Letter to David Merrick regarding the historical claims for Christ • 10-8-2017


I can’t tell you how much I enjoy talking to you. I look forward to our next “first Saturday” already.

Regarding Christ’s claims to being divine Savior, you ask, as many have, “He was a madman, a consummate liar, or in fact the One Savior: So which is it?”

The far more obvious assumption, which better satisfies Ockham’s razor, is that there were many Christs. First century Judea was teeming with spiritual adventurers eager to cash in on the prophecy of an imminent savior of the Jewish nation, which faced an existential crisis in the first century. The common name “Christ” alone opens up the field for any John Smith, to say nothing of Eesa, Eashoa, Joshua, Yahshua, Yehoshua, Yeshu, Hoshea and Eesho M’sheeka, which are all plausible cognates. But more decisively, how else to explain the many contradictions in the utterances and life of the Christs? Was he born in Bethlehem or Nazareth? Was his father’s name Jacob, or was it Heli? Did he go to Egypt as a child, or not? Was his first sermon on a mount, or was it on a plain? Did he raise the daughter of Jairus from the dead, or merely heal her? Did he cast out a demon from a Canaanite woman, or was she a Syrophoenician? Consider: He was in favor of the sword, and he was not; he told men to love their enemies, and advised them to hate their friends; he preached the doctrine of forgiveness, and called men a generation of vipers; he announced himself as the judge of the world, and declared that he would judge no man; he taught that he was possessed of all power, but was unable to work miracles where the people did not believe; he was represented as God and did not shrink from avowing, “I and my Father are one,” but in the pain and gloom of the cross, he is made to cry out in his anguish: “My God, my God, why hast Thou forsaken me?” And how singular it is that these words, reputed as the dying utterance of the disillusioned Christ, should be not only contradicted by two Evangelists, but should be a quotation from the twenty-second Psalm! The answer to all these either/or questions regarding historical statements of Jesus is “yes, both” only if there were many Christs. Every third-party claim for a historical Jesus is inconclusive, not just because of the many cases of interpolation, but because the proliferation of numerous Jesuses did not seem remarkable even in Jerusalem, much less to contemporary historians.

So the question then becomes, “Were they madmen, consummate liars, or in fact the Multiple Saviors?" And the answer is: None of the above. They were products of the historical crisis facing the Jews in the first century, who all knew of a prophetic Savior who would deliver them from annihilation. In spite of the cherry-picking by Church Fathers from the assortment of available Jesuses to get a barely theologically cogent Christ, the contradictions in the historical record remain.

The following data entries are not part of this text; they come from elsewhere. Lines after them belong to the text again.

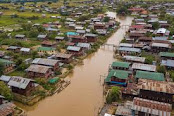 This image shows a city in Kenya located on the banks of a river. The river meanders through the city, dividing it into two parts. The city consists of houses, buildings and other structures that are located along the river and on the slopes of the hills. The city also has green areas such as parks and gardens.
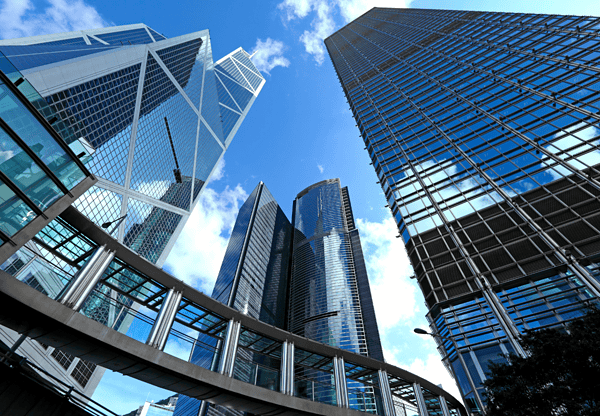 Modern glass skyscrapers with a pedestrian bridge in the foreground.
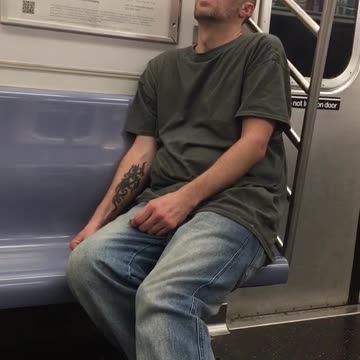 Man in grey shirt jeans falling asleep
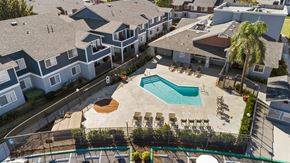 Rialto apartment for rent - A pool surrounded by chairs and a fence in front of a building.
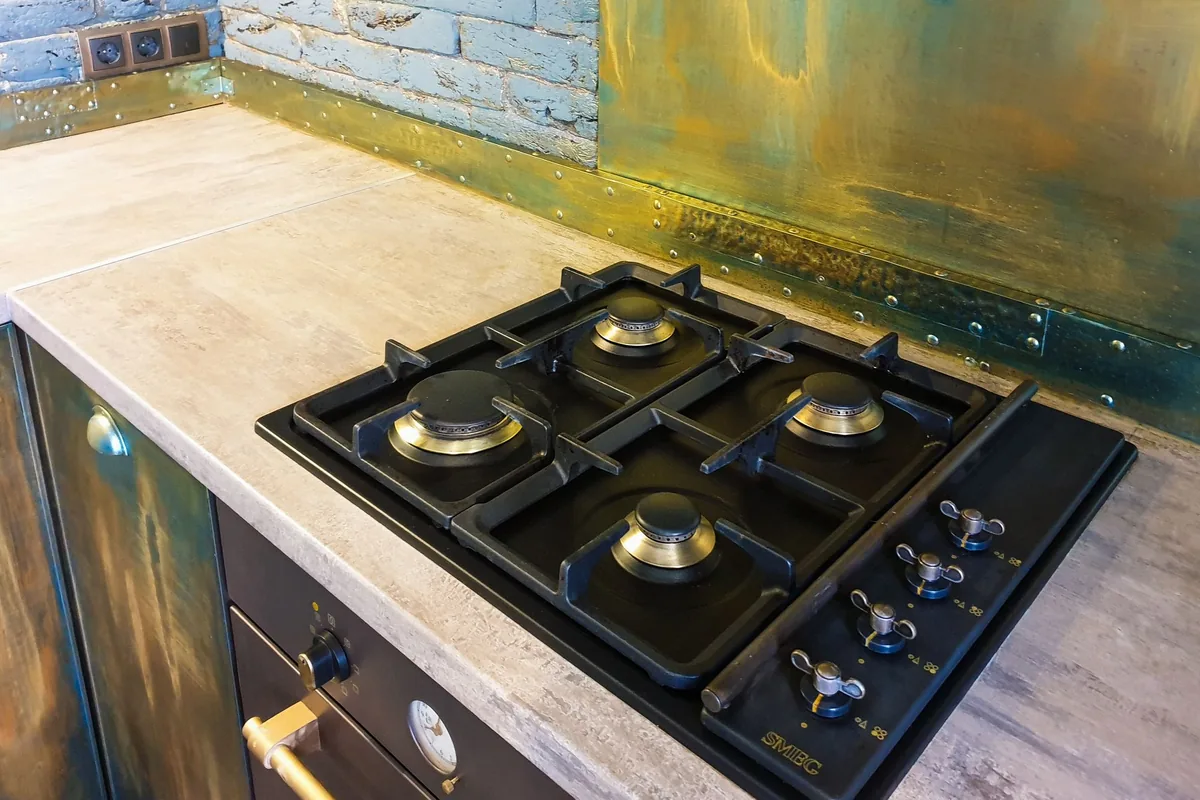 A black gas cooktop set into a stone counter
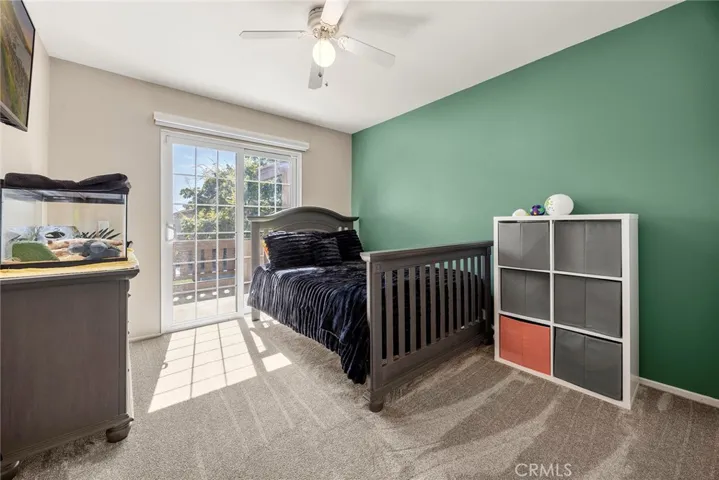 BEDROOM #4 - NEW CARPET, DOORS LEAD OUT TO THE BALCONY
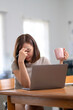 © Wasana - A woman is sitting at a table with a laptop and a pink mug. She is looking at the laptop and she is in a state of distress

My primary inspiration for this idea is Did Jesus Really Live? by Marshall J. Gauvin. However, Gauvin only suggests this alternative, and I find no other scholar explicitly advancing this idea, as plausible and forceful as it seems to me.

One day we’ll make it to my ultimate response to these questions, which to state briefly is: Even if Christianity is historically false, it may yet hold an architectonic truth that makes it indispensable.